Records supplied
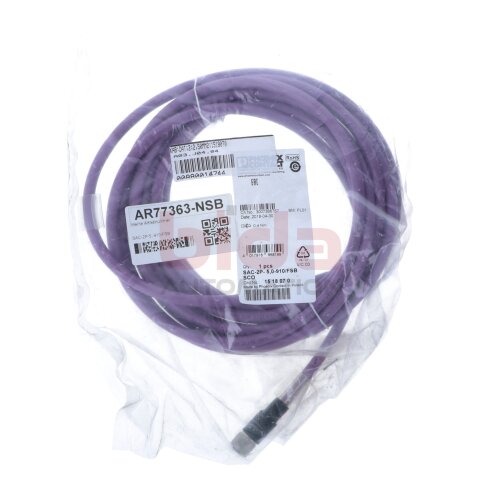 PHOENIX CONTACT SAC-2P-5,-910/FSB SCO (1518070) Bussystem-Kabel / bus system cable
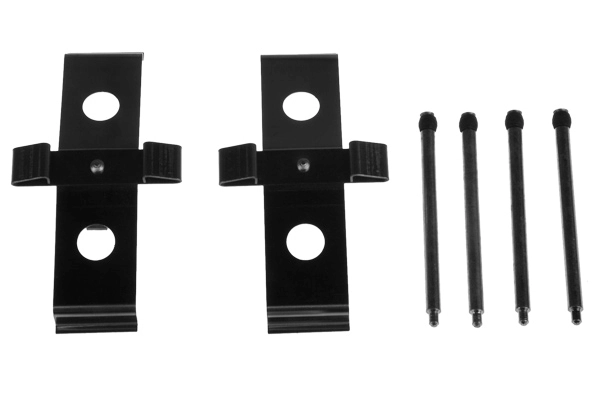 Accessory Kit, disc brake pad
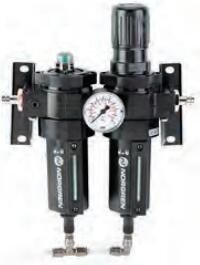 气压调节器/过滤器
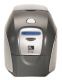 Принтер пластиковых карт Zebra P110i-000UA-ID0, фото 2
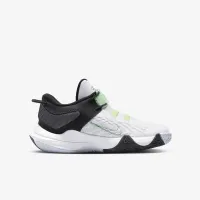 Nike Giannis Immortality 2 Little дитячі Кросівки колір білий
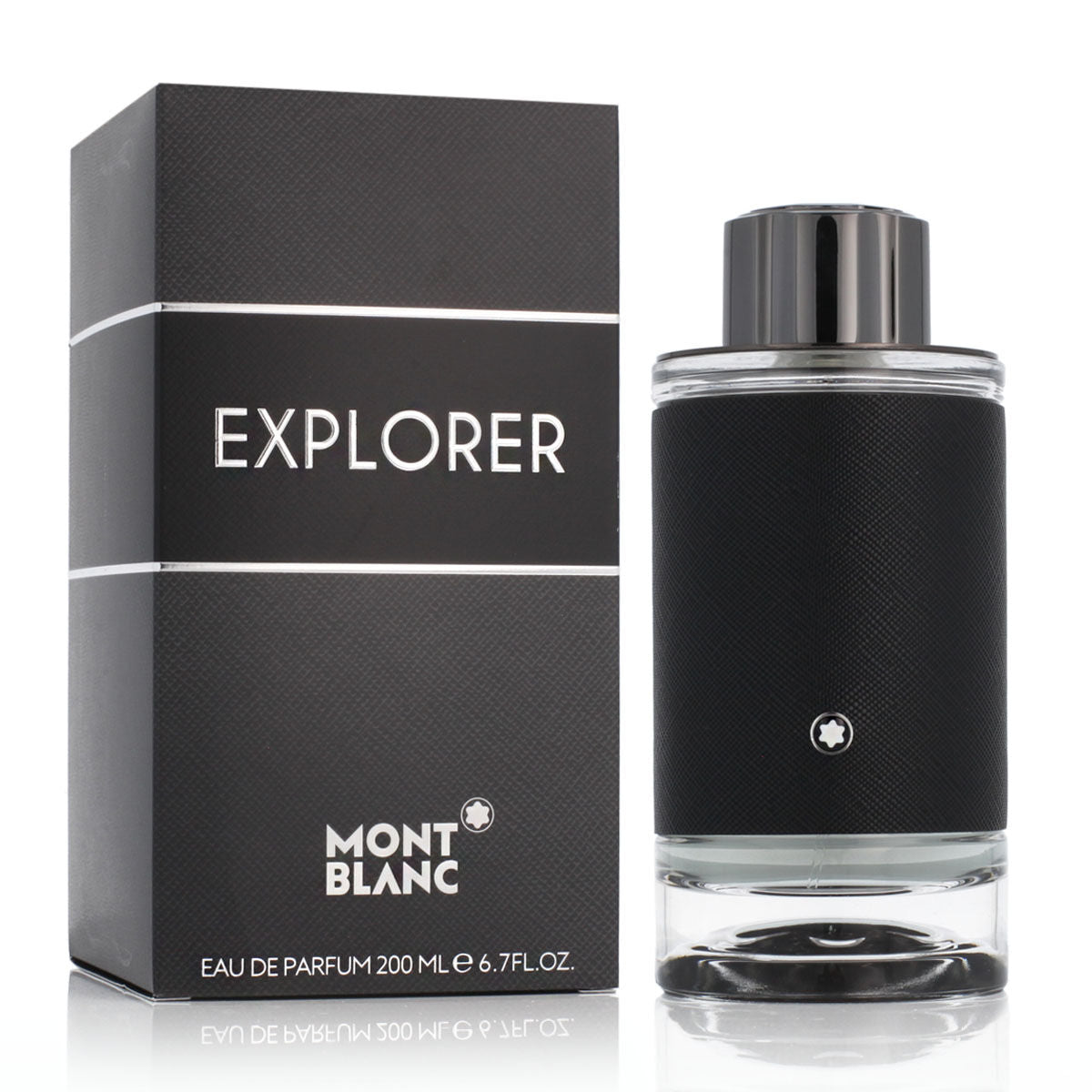 Montblanc Explorer EDP 200 ml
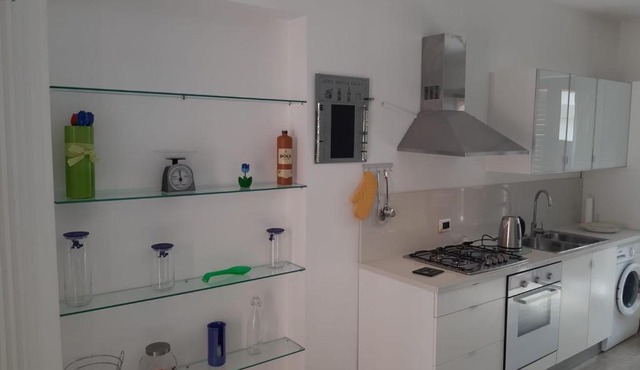 Giardinaccio Home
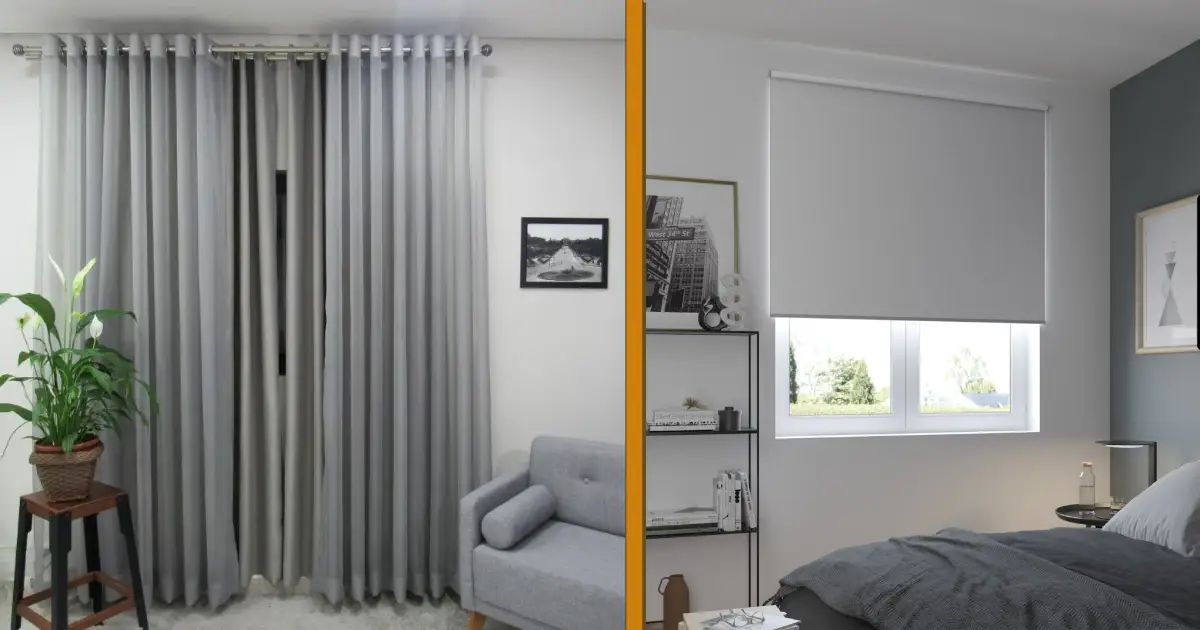 cortinas no rio de janeiro e persianas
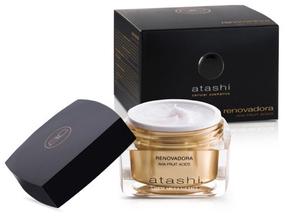 Näokreem Atashi Renovadora, 50 ml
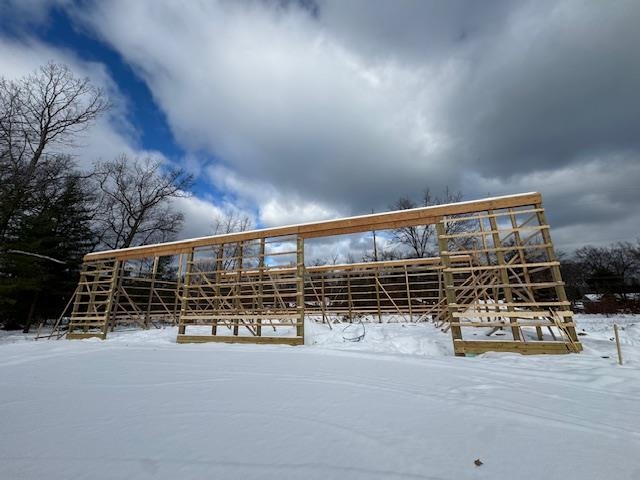 2409 N Aero Park Court Traverse City City MI 49686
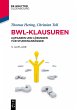 BWL-Klausuren - Bild 1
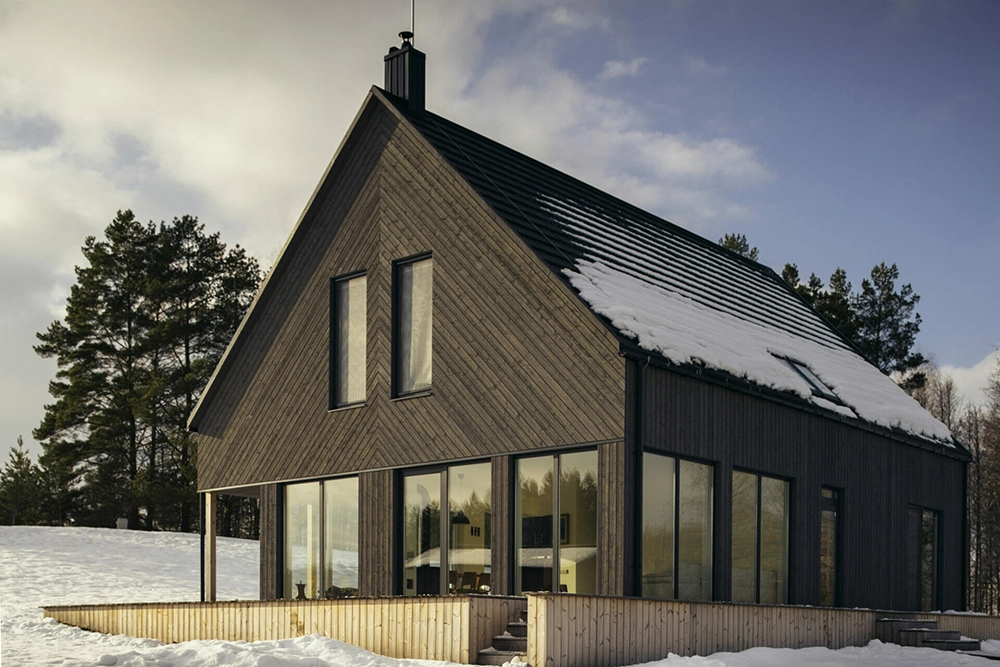 Highland Frame Kit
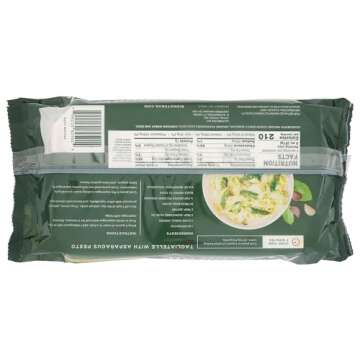 Bionaturae 8.8 Ounce Tagliatelle Pasta - Organic & Kosher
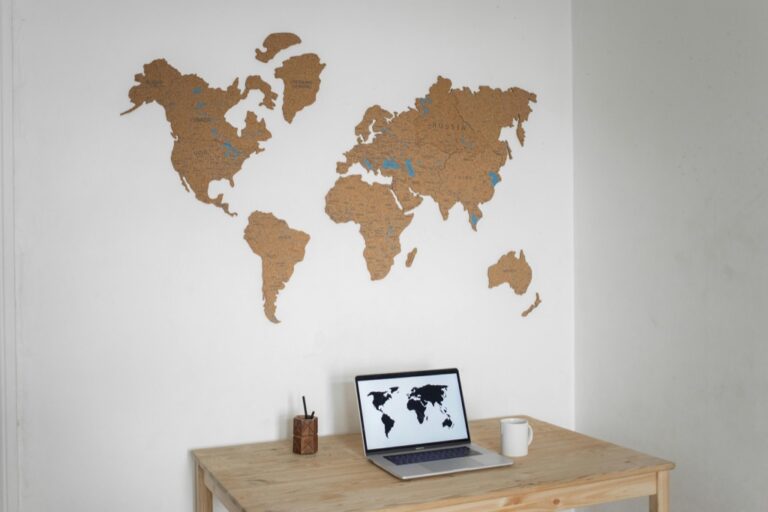 10 Best Base Map Providers for Custom Mapping to Enhance Your Projects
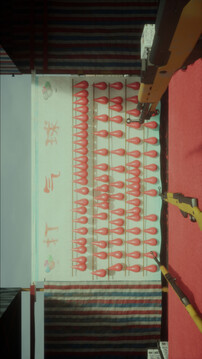 千禧年梦游指南游戏截图2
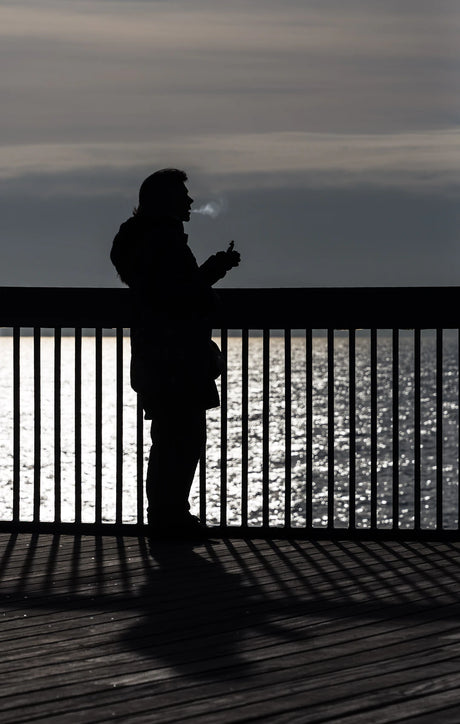 Vaping and Its Environmental Impact A Cleaner Choice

Task instructions
Reproduce, with no pictures, the lines from the one containing "Принтер пластиковых карт" to the end of the records above, exactly and inclusively.

Task response
 Принтер пластиковых карт Zebra P110i-000UA-ID0, фото 2
 Nike Giannis Immortality 2 Little дитячі Кросівки колір білий
 Montblanc Explorer EDP 200 ml
 Giardinaccio Home
 cortinas no rio de janeiro e persianas
 Näokreem Atashi Renovadora, 50 ml
 2409 N Aero Park Court Traverse City City MI 49686
 BWL-Klausuren - Bild 1
 Highland Frame Kit
 Bionaturae 8.8 Ounce Tagliatelle Pasta - Organic & Kosher
 10 Best Base Map Providers for Custom Mapping to Enhance Your Projects
 千禧年梦游指南游戏截图2
 Vaping and Its Environmental Impact A Cleaner Choice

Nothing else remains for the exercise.